Пока я была в младших отрядах, мне было все безразлично: что дают, куда ведут, что делать велят. А когда подросла, мне часто приходилось дежурить по лагерю и, конечно, по столовой. И я много слышала разговоров о нашем бытовом устройстве и питании.
Однажды я дежурила по столовой и наблюдала такую сцену: явился тот самый Иван Иванович, да не один, а с женой, детьми и еще какими-то людьми. Первым делом они отправились в нашу столовую, уселись за стол и ждут. А там в тот момент находилась директор лагеря. Ее перевели на завод из Ленинграда, инженером. Вся ее семья погибла в блокаду от голода. Она была очень принципиальная — ничего для себя, все для детей. Учитывала каждый грамм продовольствия. Договаривалась с колхозом: мы ходили на прополку, а они поставляли картошку и зелень. Все очень ее уважали. Всегда спокойная и справедливая, она никогда не повышала голоса, с детьми была ласкова. Иногда мы видели, как она курит. Старшие ее обожали.
Так вот, Иван Иванович с семьей сидят, разговаривают, смеются, а мы в это время в столовой убираемся после обеда. Слышу, директорша спрашивает у Ивана Ивановича:
— А вы, товарищи, что сидите? Иван Иваныч, у вас какие-то вопросы ко мне?
— Да нет пока, вопросы потом. Сперва гостей накормить надо, как заведено!
И смеется. Он вообще был очень симпатичный дяденька. Наша закуривает не спеша и говорит:
— Ну, гостей мы не ждали и кормить вас, дорогой Иван Иванович, и вашу семью нам нечем. У нас питание нормировано для детей. Все съедено, даже щей не осталось — все на добавки ушло. Так что прошу извинить!
Улыбка сходит с лица Ивана Ивановича:
— Ну спасибо! Вот и снабжай вас продуктами после такой встречи!
— Не меня — детей наших государство снабжает с вашей помощью! Спасибо вам за это! Ну, извините, у меня дела.

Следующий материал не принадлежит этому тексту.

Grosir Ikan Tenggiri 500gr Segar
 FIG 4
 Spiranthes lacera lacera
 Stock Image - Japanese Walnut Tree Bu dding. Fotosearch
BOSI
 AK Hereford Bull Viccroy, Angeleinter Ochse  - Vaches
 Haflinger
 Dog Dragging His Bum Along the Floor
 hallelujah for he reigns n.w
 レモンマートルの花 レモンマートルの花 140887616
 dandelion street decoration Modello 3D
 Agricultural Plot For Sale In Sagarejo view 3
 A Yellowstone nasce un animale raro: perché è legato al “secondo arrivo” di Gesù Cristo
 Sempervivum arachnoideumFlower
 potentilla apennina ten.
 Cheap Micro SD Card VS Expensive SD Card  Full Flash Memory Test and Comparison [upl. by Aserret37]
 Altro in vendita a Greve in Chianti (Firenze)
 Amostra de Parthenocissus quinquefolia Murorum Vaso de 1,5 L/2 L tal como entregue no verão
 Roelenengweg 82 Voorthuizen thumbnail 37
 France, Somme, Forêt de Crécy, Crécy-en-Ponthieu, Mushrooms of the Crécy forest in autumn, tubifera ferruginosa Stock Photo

И ушла. «Гости» вылезли из-за стола и пошли к машине. А повариха с помощницей засмеялись:
— Как она их! И то, был бы один — покормили бы, как обычно. А то приволок жену, детей, гостей своих!
Той зимой мама рассказала мне, что эту замечательную женщину арестовали. Никто не знал за что, но якобы кто-то видел, как она заворачивала старые туфли в газету с портретом Сталина.